Tell me three of your accomplishments that you are most proud of since finishing your dissertation. Given all you have done and do, why do these three stand out for you?
(1) I am proud that I have chosen to always be a critical educator, that I have not seen such work as simply the necessary evil of being a scholar, writer, researcher, and academic, though this has certainly been the message I have been given after graduate school.
(2) I have also never backed down from working at colleges where the students are predominantly working class and of-color. I refuse to use the bodies of people of color as a marketing tool to promote diversity, the prevailing (and sometimes only) acknowledgement of people of color that I have seen at such institutions. This means that I have never had (and, thus, am willing to forego) teaching assistants, research assistants, start-up research funds, significant financial rewards/promotion, publishing/professional opportunities, sabbaticals, time, updated technology (at those few places where I have had a current computer, it didn’t work for very long), and other resources that come from prestigious and/or well-endowed research universities. It’s not that I think these material things compromise people’s work (nothing is ever that simple). However, these are the privileged spaces that new faculty like me are supposed to mark as coveted where I can, for instance, write about working class black folk but never actually see them in any of my classes. That’s not the route I have chosen. I like this path and I am proud that being on path and being on purpose are how I have chosen to navigate my life thus far.

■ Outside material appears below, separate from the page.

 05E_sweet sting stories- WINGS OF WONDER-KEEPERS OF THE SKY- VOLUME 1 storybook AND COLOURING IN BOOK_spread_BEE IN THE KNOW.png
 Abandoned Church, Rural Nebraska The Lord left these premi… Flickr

(3) I am most proud of finishing my book (what was once my dissertation). I don’t so much mean the final product. I am just proud of hanging in there, never backing down from or giving up on my ideas despite the disagreements I had to face. It would have been quite easy to give up on the book and publishing altogether given the resistance that I face from many circles— especially this notion that things are so much better, a sentiment that I have heard from black scholars too, or that I must make myself more palatable (i.e., marketable and auction-block-able) to wider audiences. I wonder who these fools are talking about— certainly not the black masses where every measure of structural racism tells us that we are living a Neo-Jim-Crow? I like that publishing means that I have more fully realized my ancestral legacy: the one where we know we have to always keep on pushin.
When you think about the teaching and learning environments you create, what makes them work? What’s central to that dynamic for you? And, how do you know when you have achieved it?

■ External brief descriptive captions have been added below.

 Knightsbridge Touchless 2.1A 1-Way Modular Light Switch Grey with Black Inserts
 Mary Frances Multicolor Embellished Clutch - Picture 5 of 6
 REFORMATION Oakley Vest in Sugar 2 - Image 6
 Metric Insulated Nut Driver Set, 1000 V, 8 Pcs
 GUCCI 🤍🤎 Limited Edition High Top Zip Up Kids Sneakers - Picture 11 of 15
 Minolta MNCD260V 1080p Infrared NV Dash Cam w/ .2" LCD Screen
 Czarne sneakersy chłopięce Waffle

I think classrooms are meant to bring the content of what students are learning and reading full circle. I think here about the class I will teach in spring 2013: African American women’s rhetoric. Here, for instance, we will read Ida B. Wells and ask ourselves how she affected the world for all of us by her ways with words. As the teacher, I ask myself: what does it mean to bring Ida B. Wells alive in this classroom? What would an Ida-B-Wells-pedagogy look like and do? It would mean not just talking about her but talking with her! I want students to fight, and fight hard, come hell or high water, for what is right, notice the racial subjugation of the people around them, and fight for those lives as if it were their own life they were fighting for. This means I am looking for students to talk about more than just the content of Ida B. Wells’s life and work. I look for students to engage their own intellectual and political purposes, in their own time and place. Essentially, I hope they can achieve what Fanon suggested: “each generation must, out of relative obscurity, discover its mission, fulfill it, or betray it.” I may not be able to ensure the fulfillment part but I can certainly move students in the direction of discovery, that’s what teaching Ida B. Wells would have to do.
Finish these thoughts:
Scholarship for me is . . . and
My scholarship matters because . . .
Scholarship for me is slipping through the cracks, digging deep down, and unearthing the voices and visions that can sustain us.

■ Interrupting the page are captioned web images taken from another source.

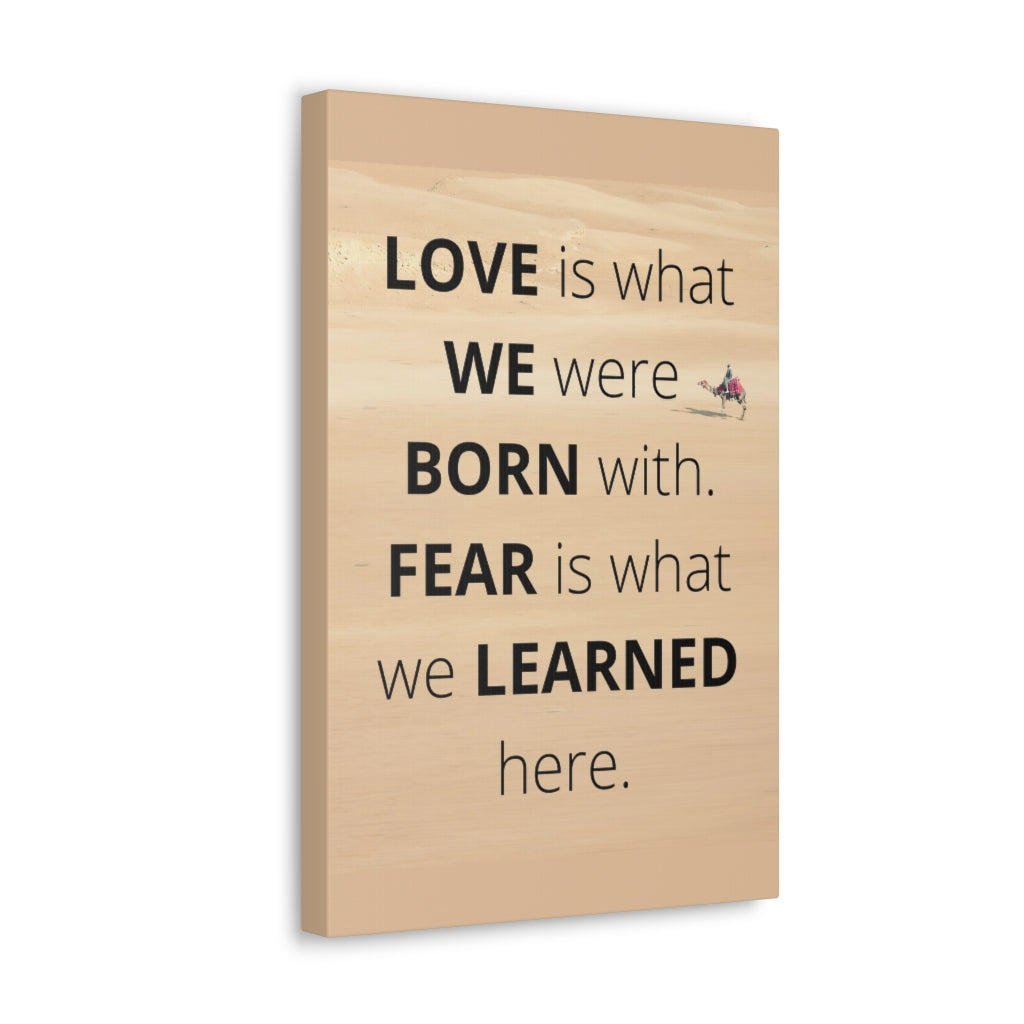 Scripture Walls Inspirational Wall Art Love We Were Born Motivation Wall Decor for Home Office Gym Inspiring Success Quote Print Ready to Hang Unframed-Express Your Love Gifts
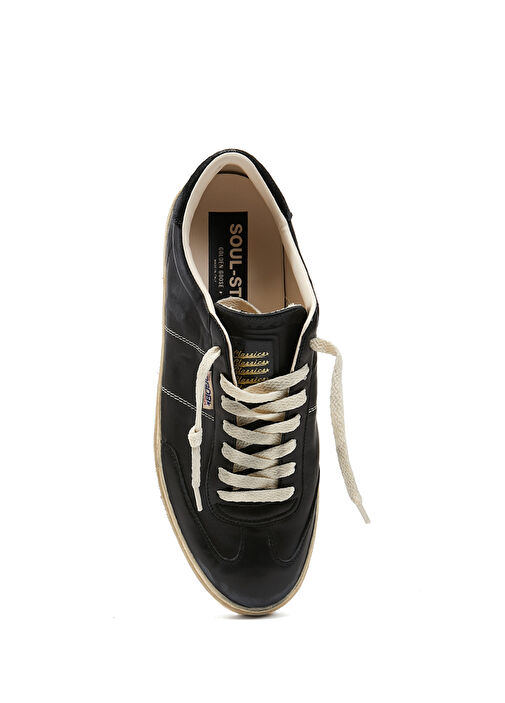 Soul Star Siyah Erkek Deri Sneaker - Görsel 5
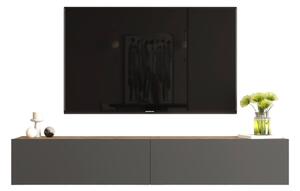 Závesný TV stolík FREY 8, farba borovica + antracit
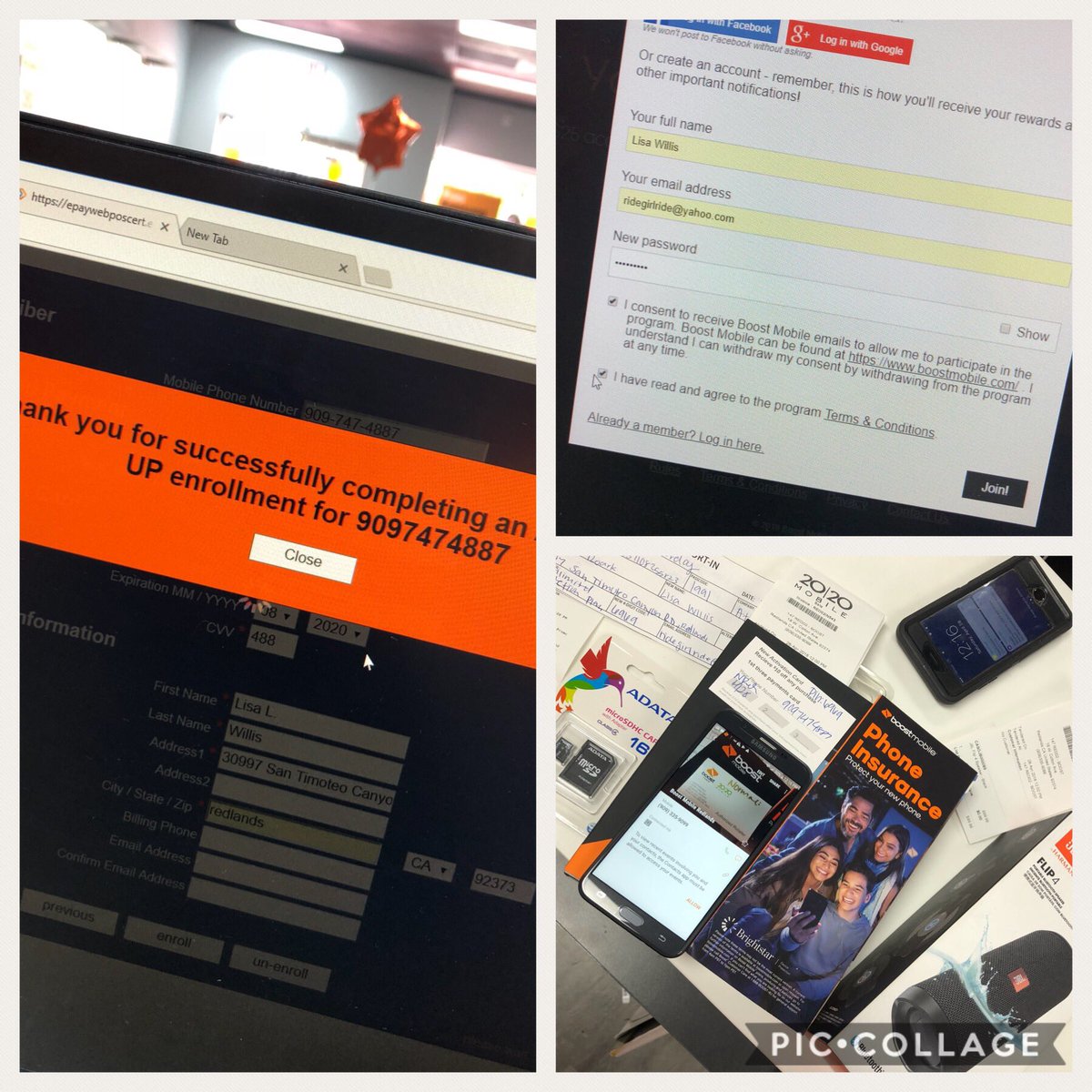 2020mobilered02's tweet photo. Bye AT&amp;T. Welcome to boost. #port #JBL #HappySaturday #autopay #referral #program https://t.co/mHAH9QGh6q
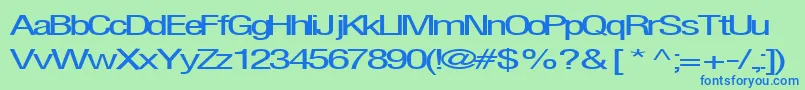 Firsthome34RegularTtext-fontti – siniset fontit vihreällä taustalla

My scholarship matters because the world we live in requires a level of thinking and creativity that moves beyond what we are used to. Scholarship can do that work if we treat it as something more than static words, bling, and status.
What is it you want to do in and beyond the academy?
Both in and out of the academy, if I could achieve my heart’s desire, I would want to be like Parliament and “make my funk the P-Funk… I want my funk uncut.” I like the way they named their collective and their music (Parliament Funk as P-Funk) but also that P-Funk meant that they were intentionally examining and exploring Funk at its highest levels of expression and possibility, as a thing/thought of its own kind and genius. Though I may not have the right words to explain that here, that’s what I would want writing, teaching, and envisioning myself as a black woman to feel like. They weren’t claiming to invent funk but they were claiming that they could insert their own version and vision and encourage the world to do the same. I can’t imagine a better way of being one’s self in and beyond the academy.
What four adjectives would you use to describe yourself?
…principled, creative, unapologetically black-centric, and always evolving!